Given entries ::

***

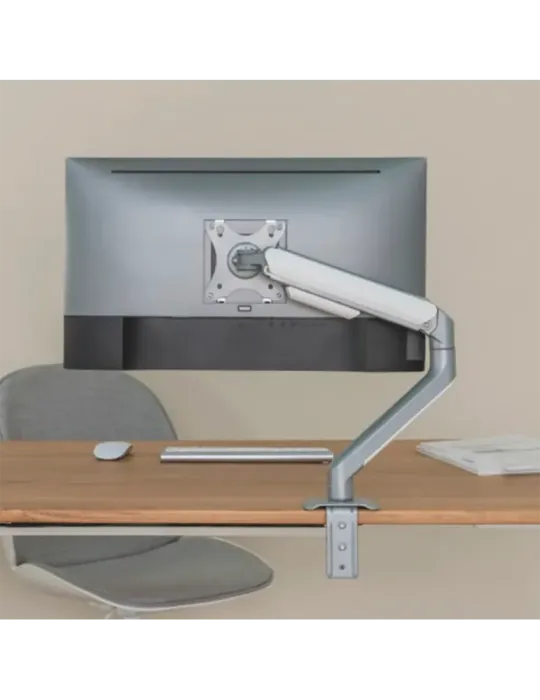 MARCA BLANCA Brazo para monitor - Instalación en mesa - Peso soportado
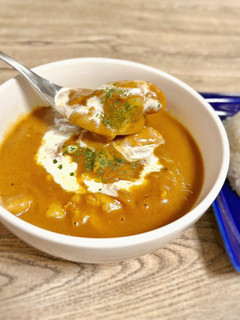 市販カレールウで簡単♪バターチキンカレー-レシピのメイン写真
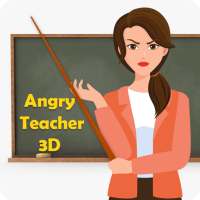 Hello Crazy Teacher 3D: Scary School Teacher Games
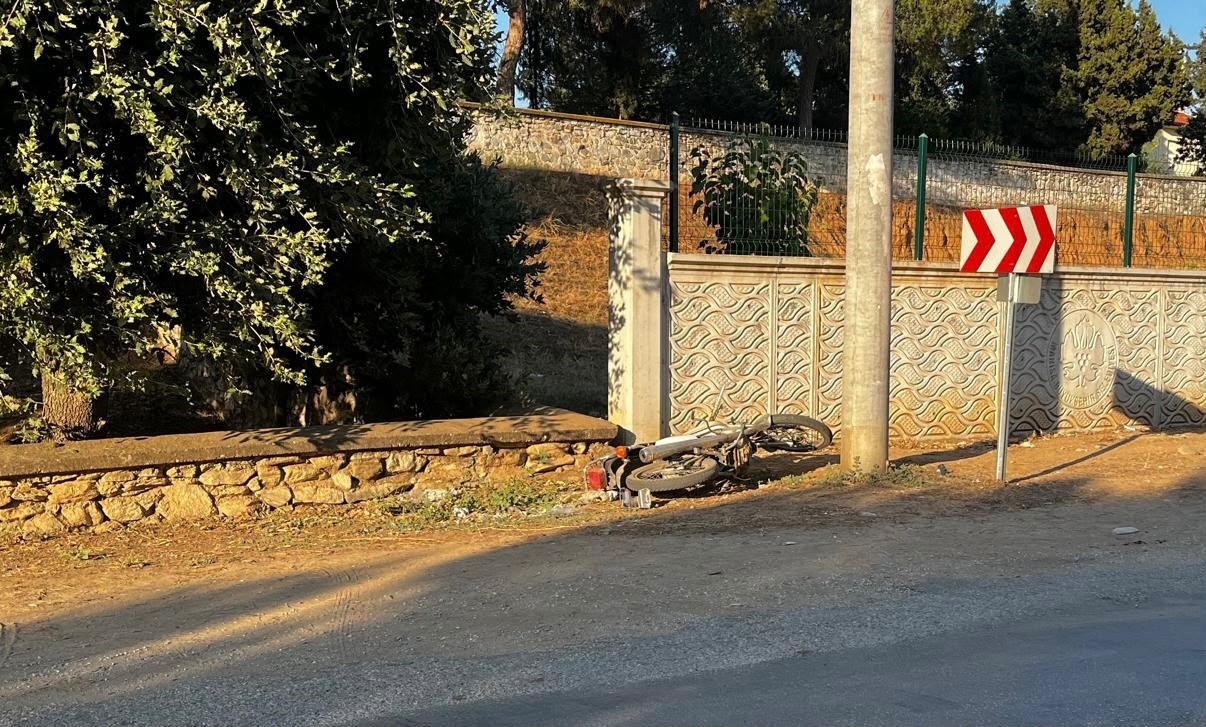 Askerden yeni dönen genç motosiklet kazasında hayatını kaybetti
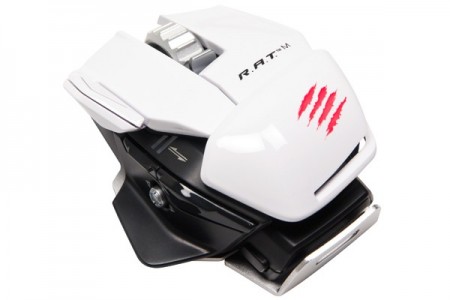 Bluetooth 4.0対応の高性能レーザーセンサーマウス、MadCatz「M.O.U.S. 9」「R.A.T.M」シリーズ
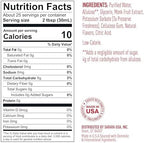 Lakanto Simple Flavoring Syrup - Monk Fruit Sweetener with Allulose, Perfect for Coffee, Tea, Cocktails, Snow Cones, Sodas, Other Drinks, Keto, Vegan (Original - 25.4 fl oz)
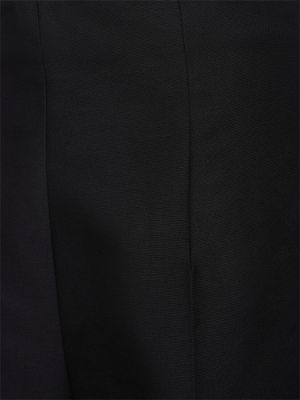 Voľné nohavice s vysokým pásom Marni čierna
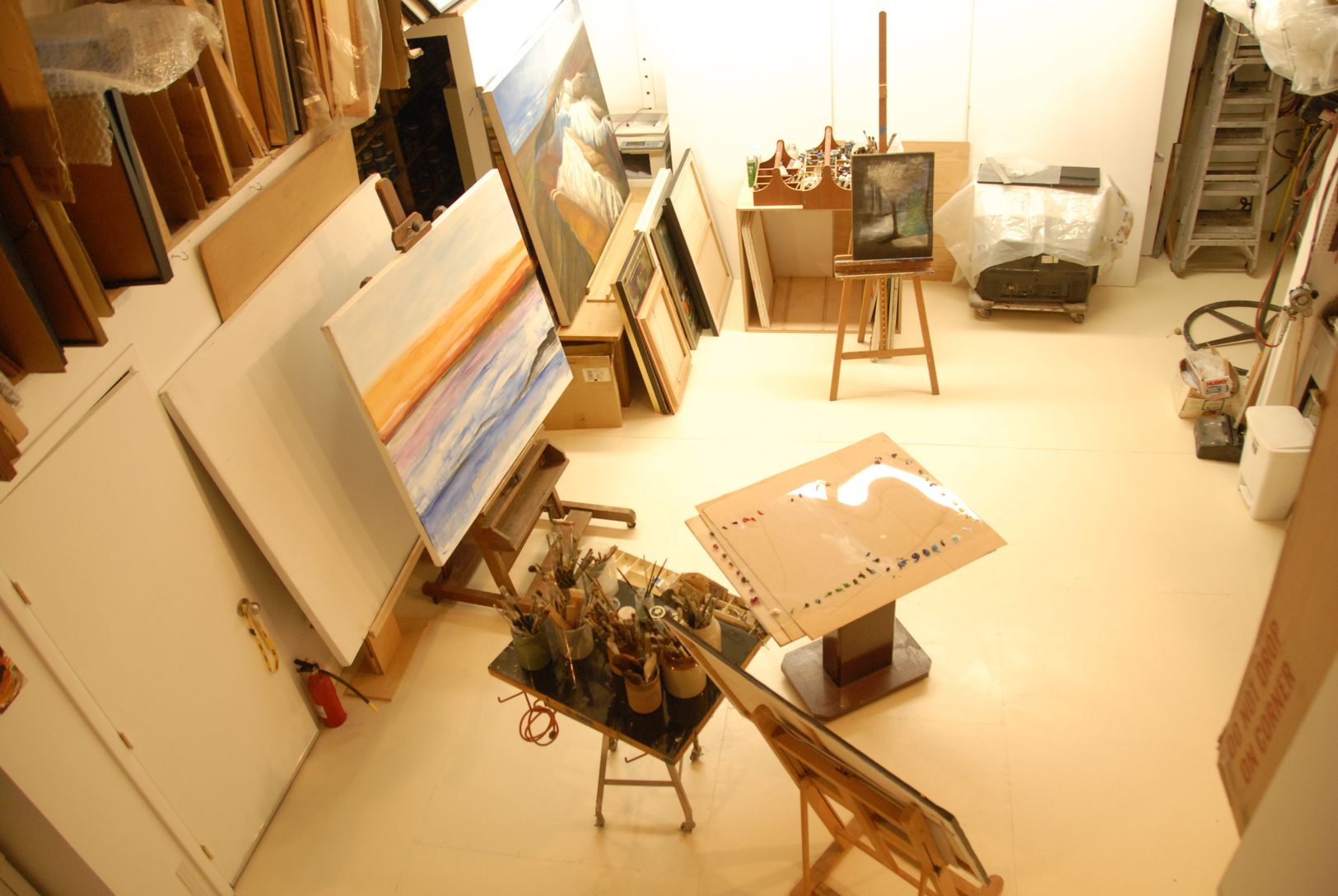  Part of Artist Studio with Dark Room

***

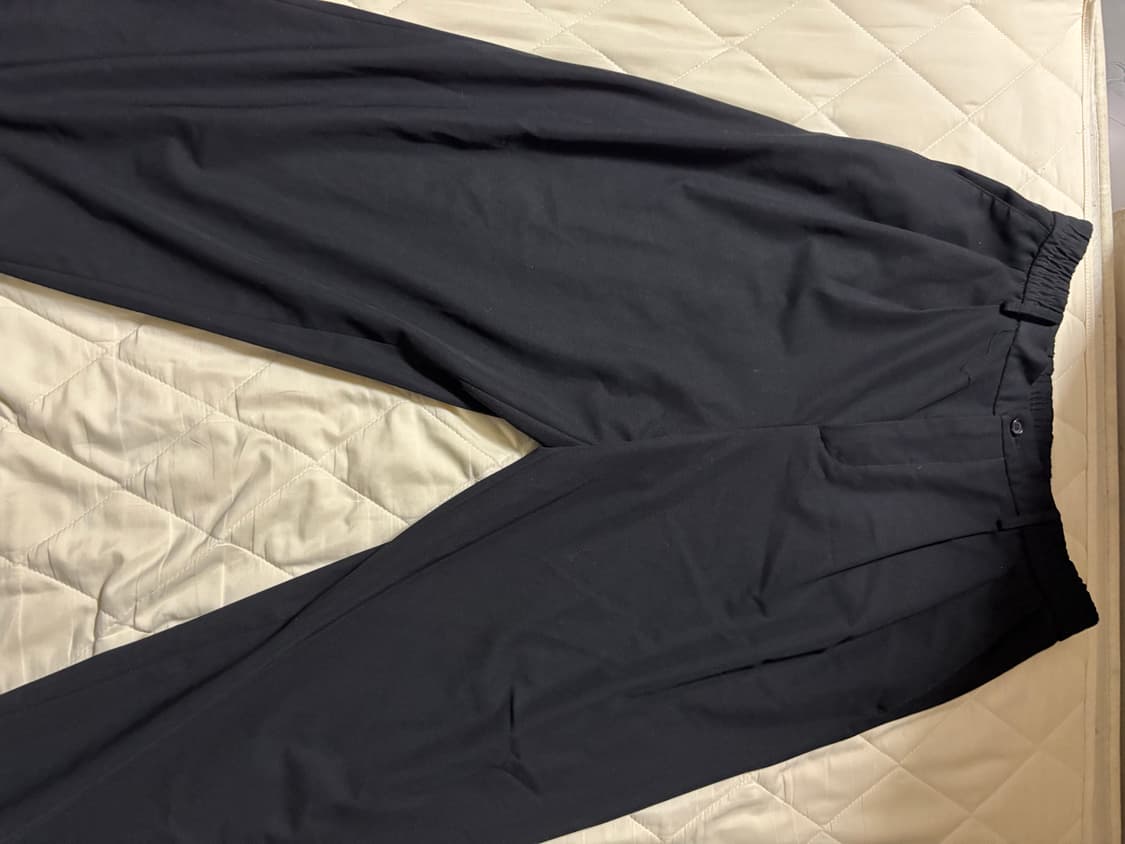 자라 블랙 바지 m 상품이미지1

***

What you need to do ::
Repeat only the stretch of data above that runs from the line with "Askerden yeni dönen" to the line with "Part of Artist Studio with Dark Room". Keep both end lines; exclude pictures.

Written solution ::
 Askerden yeni dönen genç motosiklet kazasında hayatını kaybetti
 Bluetooth 4.0対応の高性能レーザーセンサーマウス、MadCatz「M.O.U.S. 9」「R.A.T.M」シリーズ
 Lakanto Simple Flavoring Syrup - Monk Fruit Sweetener with Allulose, Perfect for Coffee, Tea, Cocktails, Snow Cones, Sodas, Other Drinks, Keto, Vegan (Original - 25.4 fl oz)
 Voľné nohavice s vysokým pásom Marni čierna
  Part of Artist Studio with Dark Room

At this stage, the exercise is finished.